Problem: Reproduce the data in its entirety, exactly as supplied.
***** Records supplied
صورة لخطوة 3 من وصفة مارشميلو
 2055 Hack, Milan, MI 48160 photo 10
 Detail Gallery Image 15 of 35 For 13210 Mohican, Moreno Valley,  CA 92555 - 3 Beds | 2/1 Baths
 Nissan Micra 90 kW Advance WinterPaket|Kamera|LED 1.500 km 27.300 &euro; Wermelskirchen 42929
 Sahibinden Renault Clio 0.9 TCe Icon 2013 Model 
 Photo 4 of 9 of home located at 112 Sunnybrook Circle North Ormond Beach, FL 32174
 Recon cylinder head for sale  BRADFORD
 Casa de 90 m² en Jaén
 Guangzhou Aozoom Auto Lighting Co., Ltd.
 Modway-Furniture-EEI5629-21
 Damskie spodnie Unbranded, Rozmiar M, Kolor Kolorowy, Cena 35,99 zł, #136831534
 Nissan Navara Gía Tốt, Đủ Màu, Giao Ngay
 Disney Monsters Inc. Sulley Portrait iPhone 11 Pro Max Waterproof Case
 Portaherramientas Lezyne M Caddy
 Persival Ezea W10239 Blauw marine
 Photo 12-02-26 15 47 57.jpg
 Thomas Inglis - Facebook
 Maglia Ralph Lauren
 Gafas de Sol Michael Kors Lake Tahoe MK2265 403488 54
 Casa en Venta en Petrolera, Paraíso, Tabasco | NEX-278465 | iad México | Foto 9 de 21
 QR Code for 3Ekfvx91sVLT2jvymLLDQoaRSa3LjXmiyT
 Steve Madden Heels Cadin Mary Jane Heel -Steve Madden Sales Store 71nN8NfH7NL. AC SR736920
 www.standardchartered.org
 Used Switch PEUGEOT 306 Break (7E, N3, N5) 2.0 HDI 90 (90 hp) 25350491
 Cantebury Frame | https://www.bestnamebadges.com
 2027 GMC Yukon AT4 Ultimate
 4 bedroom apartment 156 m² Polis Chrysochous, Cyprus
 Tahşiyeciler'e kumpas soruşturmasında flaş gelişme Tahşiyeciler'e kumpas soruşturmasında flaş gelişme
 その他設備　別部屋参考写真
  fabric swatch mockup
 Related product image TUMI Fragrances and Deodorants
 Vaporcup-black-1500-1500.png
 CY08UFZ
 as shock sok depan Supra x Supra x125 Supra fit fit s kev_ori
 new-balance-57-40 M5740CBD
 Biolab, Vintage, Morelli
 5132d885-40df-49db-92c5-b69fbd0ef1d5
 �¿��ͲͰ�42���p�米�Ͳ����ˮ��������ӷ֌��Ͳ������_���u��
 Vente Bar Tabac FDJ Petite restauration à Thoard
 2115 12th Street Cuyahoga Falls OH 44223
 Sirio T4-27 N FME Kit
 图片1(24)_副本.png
**********
Exercise result:
صورة لخطوة 3 من وصفة مارشميلو
 2055 Hack, Milan, MI 48160 photo 10
 Detail Gallery Image 15 of 35 For 13210 Mohican, Moreno Valley,  CA 92555 - 3 Beds | 2/1 Baths
 Nissan Micra 90 kW Advance WinterPaket|Kamera|LED 1.500 km 27.300 &euro; Wermelskirchen 42929
 Sahibinden Renault Clio 0.9 TCe Icon 2013 Model 
 Photo 4 of 9 of home located at 112 Sunnybrook Circle North Ormond Beach, FL 32174
 Recon cylinder head for sale  BRADFORD
 Casa de 90 m² en Jaén
 Guangzhou Aozoom Auto Lighting Co., Ltd.
 Modway-Furniture-EEI5629-21
 Damskie spodnie Unbranded, Rozmiar M, Kolor Kolorowy, Cena 35,99 zł, #136831534
 Nissan Navara Gía Tốt, Đủ Màu, Giao Ngay
 Disney Monsters Inc. Sulley Portrait iPhone 11 Pro Max Waterproof Case
 Portaherramientas Lezyne M Caddy
 Persival Ezea W10239 Blauw marine
 Photo 12-02-26 15 47 57.jpg
 Thomas Inglis - Facebook
 Maglia Ralph Lauren
 Gafas de Sol Michael Kors Lake Tahoe MK2265 403488 54
 Casa en Venta en Petrolera, Paraíso, Tabasco | NEX-278465 | iad México | Foto 9 de 21
 QR Code for 3Ekfvx91sVLT2jvymLLDQoaRSa3LjXmiyT
 Steve Madden Heels Cadin Mary Jane Heel -Steve Madden Sales Store 71nN8NfH7NL. AC SR736920
 www.standardchartered.org
 Used Switch PEUGEOT 306 Break (7E, N3, N5) 2.0 HDI 90 (90 hp) 25350491
 Cantebury Frame | https://www.bestnamebadges.com
 2027 GMC Yukon AT4 Ultimate
 4 bedroom apartment 156 m² Polis Chrysochous, Cyprus
 Tahşiyeciler'e kumpas soruşturmasında flaş gelişme Tahşiyeciler'e kumpas soruşturmasında flaş gelişme
 その他設備　別部屋参考写真
  fabric swatch mockup
 Related product image TUMI Fragrances and Deodorants
 Vaporcup-black-1500-1500.png
 CY08UFZ
 as shock sok depan Supra x Supra x125 Supra fit fit s kev_ori
 new-balance-57-40 M5740CBD
 Biolab, Vintage, Morelli
 5132d885-40df-49db-92c5-b69fbd0ef1d5
 �¿��ͲͰ�42���p�米�Ͳ����ˮ��������ӷ֌��Ͳ������_���u��
 Vente Bar Tabac FDJ Petite restauration à Thoard
 2115 12th Street Cuyahoga Falls OH 44223
 Sirio T4-27 N FME Kit
 图片1(24)_副本.png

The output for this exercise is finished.